But here’s what happened. In another kind of January cleansing, I was going through my books and culling out a bunch to donate to a local thrift store when I found one called “Old-time Farmhouse Cooking” by Barbara Swell. I don’t know where it came from, but there it was, chock-full of rural American recipes from bygone days and “farm lore.”
Before I knew it I was poring over pie recipes from the early 1900s and articles such as “The Secret Language of Pie” from the June 1927 Rural New-Yorker, and quips such as this one from the December 1921 Farm Journal: He: “If we get married, I wonder if you can make pies like mother used to make?” She: “And I’m wondering if you can make money like father used to make.”
In my opinion, pie has always been the quintessential American dessert — “as American as apple pie,” the saying goes. And I’m guessing pie figures prominently into most people’s family traditions. What would Thanksgiving be without pumpkin pie?
The Rural New-Yorker article talked about “pie timber” being a 19th century term for pie filling, Swell pointed out. And rhubarb was called “pieplant.” I was intrigued, since rhubarb pie is my all-time favorite.

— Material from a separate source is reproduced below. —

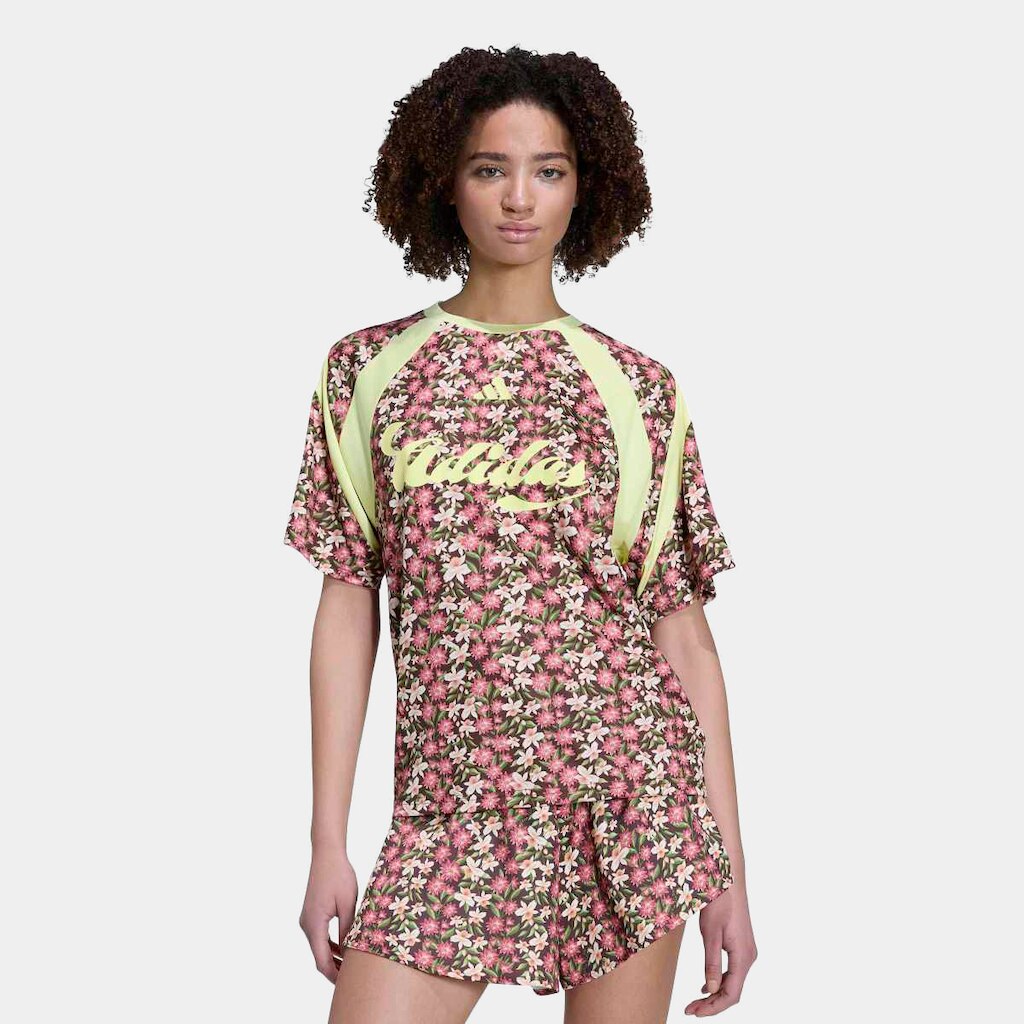 Camiseta Adidas Farm Feminina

Because this prolific plant is ready around my birthday in late May, I typically make a rhubarb pie as a celebratory dessert in lieu of birthday cake.
My mother always used lard in her pie crusts, and I’ve followed that tradition.

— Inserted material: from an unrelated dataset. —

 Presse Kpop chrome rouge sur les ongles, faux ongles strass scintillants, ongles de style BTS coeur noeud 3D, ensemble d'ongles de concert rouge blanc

A little research will tell you that pie isn’t an American concoction by any means. The American Pie Council (I did not know there was such a group) said pie has been around since the ancient Egyptians, dating back to around 6,000 B.C.

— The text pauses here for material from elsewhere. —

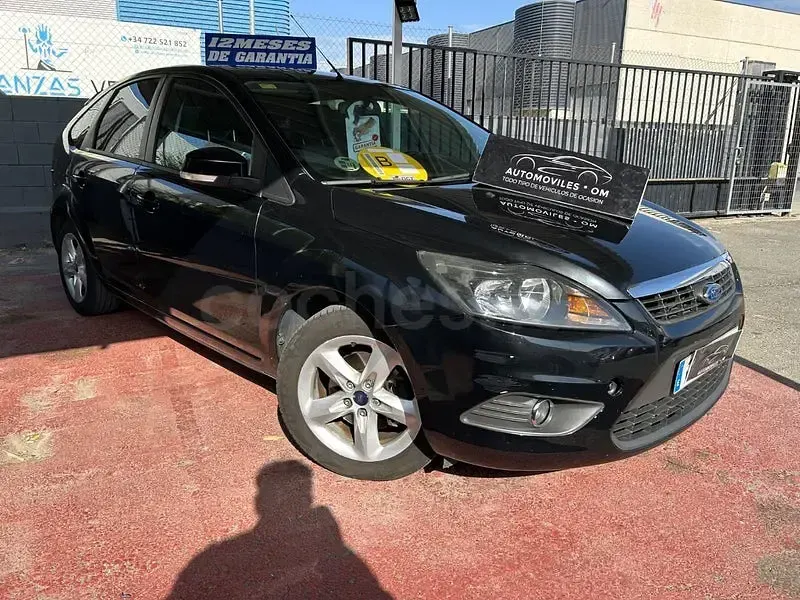 Usado Ford Focus Trend 109 CV (80 kW) 2011 Negro Berlina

Some of the first pies were made by early Romans who may have learned about it through the Greeks, the Council notes on its website.
“These pies were sometimes made in ‘reeds’ which were used for the sole purpose of holding the filling and not for eating with the filling,” the Council’s history lesson continued.
Here’s another bit of pie trivia: the first pies were called “coffins” or “coffyns” (the word meant a basket or box) and were filled with savory meat fillings, according to What’s Cooking America.
Included in my long-lost cookbook was a recipe for Pilgrim Pie from the 1905 Rural New-Yorker.
“Definitely not a recipe for beginners, this pork pie is authentic and tasty,” the author advised. “Why it was a 1905 farm husband’s idea of a good time!”
Who doesn’t equate pie with a good time? One of my best pie memories was in 2010 on the farm in Minnesota, where I, my brothers and Mom had gathered one last time for a gigantic yard sale before she moved into town. Dad had passed away the year before.
It was September and the apple tree was brimming with fruit — there were so many apples we sold baskets of them at the sale, too. I used the farmhouse oven for the last time to bake two apple pies, using Mom’s recipe that is still taped inside my 1974 Hawley Lutheran cookbook.
We all knew it likely would be the last time we’d gather there. Memories were served up alongside the pie, and we savored every bite.